1. Taking 1/2 teaspoon of baking soda 3 times a day will help you quit smoking. The soda neutralizes the body acids, retains nicotine in the blood, and thus reduces the desire for tobacco.
2. Eat plenty of fresh lemons and lemon juice to reduce your desire for cigarettes. Eating lots of salads and other fruits will also help. Avoid meat and alcohol.
3. To avoid irritability: take 1 tryptophan (667 mg.) tablet 3 times a day, plus 1 Vitamin B complex (100 mg., time release) with your evening meal.
4. Before breakfast, take 1/2 teaspoon each of Rochelle Salts and Cream of Tartar.
5. Try chewing Ginseng Root; swallow the juice.
6. Don't keep cigarettes by your bed. When you wake up, breathe deeply and brush your teeth right away.
7. Eliminate situations in which you normally smoke; for example, give up one coffee break each day. Exercise or go for a walk instead. After dinner, brush your teeth immediately or go for a brisk walk.
8. Don't take your cigarettes to work or anywhere else.
9. Always sit beside non-smokers in public situations such as meetings.
10. Always put away your cigarettes, lighter and ashtray so that getting them will require an effort.
11. Change your brand of cigarette often. Each week smoke a brand with a lower nicotine and tar content.
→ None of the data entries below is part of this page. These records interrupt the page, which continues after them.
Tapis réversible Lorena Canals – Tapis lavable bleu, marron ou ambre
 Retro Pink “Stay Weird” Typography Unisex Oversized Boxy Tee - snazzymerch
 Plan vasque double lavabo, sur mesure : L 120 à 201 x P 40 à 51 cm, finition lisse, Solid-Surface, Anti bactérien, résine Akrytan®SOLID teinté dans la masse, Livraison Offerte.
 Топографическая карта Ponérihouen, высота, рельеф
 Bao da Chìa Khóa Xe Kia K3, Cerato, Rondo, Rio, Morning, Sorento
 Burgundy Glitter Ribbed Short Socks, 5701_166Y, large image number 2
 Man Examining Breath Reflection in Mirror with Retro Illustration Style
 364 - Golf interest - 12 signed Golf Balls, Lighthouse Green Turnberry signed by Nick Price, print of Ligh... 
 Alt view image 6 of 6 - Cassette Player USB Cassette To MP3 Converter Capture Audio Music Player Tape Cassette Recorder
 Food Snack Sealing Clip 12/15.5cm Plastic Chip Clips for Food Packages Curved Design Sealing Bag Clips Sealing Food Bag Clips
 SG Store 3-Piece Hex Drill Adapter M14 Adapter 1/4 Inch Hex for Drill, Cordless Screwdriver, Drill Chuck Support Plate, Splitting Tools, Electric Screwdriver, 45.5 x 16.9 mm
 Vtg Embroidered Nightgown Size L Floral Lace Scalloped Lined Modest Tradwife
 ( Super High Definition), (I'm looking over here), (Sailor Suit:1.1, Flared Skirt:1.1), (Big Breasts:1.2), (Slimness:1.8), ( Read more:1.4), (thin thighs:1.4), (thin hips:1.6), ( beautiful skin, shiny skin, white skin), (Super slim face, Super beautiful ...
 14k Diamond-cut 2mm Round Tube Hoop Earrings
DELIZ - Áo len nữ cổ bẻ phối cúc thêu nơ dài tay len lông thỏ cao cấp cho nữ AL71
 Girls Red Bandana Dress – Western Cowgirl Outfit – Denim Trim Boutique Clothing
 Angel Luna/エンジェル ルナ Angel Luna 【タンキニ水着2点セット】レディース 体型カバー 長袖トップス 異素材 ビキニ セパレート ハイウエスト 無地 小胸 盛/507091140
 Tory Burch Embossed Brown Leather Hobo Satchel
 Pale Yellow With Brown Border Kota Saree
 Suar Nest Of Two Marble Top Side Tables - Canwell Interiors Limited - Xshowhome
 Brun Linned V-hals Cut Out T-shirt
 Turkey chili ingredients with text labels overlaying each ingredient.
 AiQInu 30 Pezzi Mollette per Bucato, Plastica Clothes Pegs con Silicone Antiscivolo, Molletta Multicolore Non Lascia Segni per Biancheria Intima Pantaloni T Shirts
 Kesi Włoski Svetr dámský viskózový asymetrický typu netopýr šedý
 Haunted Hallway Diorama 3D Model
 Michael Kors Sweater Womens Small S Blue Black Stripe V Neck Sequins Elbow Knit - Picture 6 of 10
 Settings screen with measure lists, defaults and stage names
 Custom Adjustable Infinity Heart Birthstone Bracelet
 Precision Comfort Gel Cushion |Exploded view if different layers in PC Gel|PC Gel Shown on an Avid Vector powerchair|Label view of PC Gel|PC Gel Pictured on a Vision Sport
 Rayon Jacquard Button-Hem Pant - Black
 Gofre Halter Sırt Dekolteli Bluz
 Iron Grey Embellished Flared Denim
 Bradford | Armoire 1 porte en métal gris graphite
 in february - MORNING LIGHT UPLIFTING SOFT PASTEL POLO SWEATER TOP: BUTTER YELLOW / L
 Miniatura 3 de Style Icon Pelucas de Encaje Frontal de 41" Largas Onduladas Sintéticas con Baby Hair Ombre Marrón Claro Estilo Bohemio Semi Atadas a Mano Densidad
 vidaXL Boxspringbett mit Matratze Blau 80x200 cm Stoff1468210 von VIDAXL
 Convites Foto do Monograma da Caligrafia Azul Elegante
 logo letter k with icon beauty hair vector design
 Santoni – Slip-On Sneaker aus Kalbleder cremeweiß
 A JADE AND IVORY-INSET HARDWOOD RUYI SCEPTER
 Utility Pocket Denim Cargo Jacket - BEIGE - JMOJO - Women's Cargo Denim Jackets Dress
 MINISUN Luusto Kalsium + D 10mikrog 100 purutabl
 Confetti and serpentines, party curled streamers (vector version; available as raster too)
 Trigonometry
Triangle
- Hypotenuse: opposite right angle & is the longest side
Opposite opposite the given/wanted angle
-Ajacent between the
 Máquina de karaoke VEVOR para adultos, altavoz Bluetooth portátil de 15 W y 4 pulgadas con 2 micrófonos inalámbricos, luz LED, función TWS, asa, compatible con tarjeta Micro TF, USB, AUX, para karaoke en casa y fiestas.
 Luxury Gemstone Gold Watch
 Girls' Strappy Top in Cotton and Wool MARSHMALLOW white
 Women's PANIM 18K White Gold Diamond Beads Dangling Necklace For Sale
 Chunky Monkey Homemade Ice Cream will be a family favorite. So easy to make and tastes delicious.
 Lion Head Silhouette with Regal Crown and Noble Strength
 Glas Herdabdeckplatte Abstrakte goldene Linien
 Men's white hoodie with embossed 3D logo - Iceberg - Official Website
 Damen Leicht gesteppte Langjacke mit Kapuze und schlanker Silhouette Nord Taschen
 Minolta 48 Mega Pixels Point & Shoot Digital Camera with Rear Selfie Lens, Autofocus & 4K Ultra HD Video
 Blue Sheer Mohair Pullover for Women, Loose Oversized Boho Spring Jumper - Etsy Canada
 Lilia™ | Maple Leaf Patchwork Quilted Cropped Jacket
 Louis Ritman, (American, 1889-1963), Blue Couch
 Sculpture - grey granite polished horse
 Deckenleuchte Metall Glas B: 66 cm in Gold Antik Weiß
12. Switch to a brand of cigarette you don't like; change to filter if you prefer non-filter, menthol if you prefer regular.
13. Cut back on drinks which encourage your smoking habits; for example, eliminate lunchtime coffee.
14. Make a point of having your first cigarette a bit later each day. Stop smoking a little earlier each night.
15. Alternate between giving up a morning, afternoon and evening cigarette.
16. Avoid smoking in certain habitual places, for example, on the telephone, while watching TV or sitting with the newspaper.
17. Make a list of the reasons you want to quit and keep it with you all the time; whenever you feel the urge, read your list.
18. Always choose seats in No Smoking sections of restaurants, trains and other public places.
19. Initiate a 3-day program, each day smoking 1/2 of what you smoked the day before.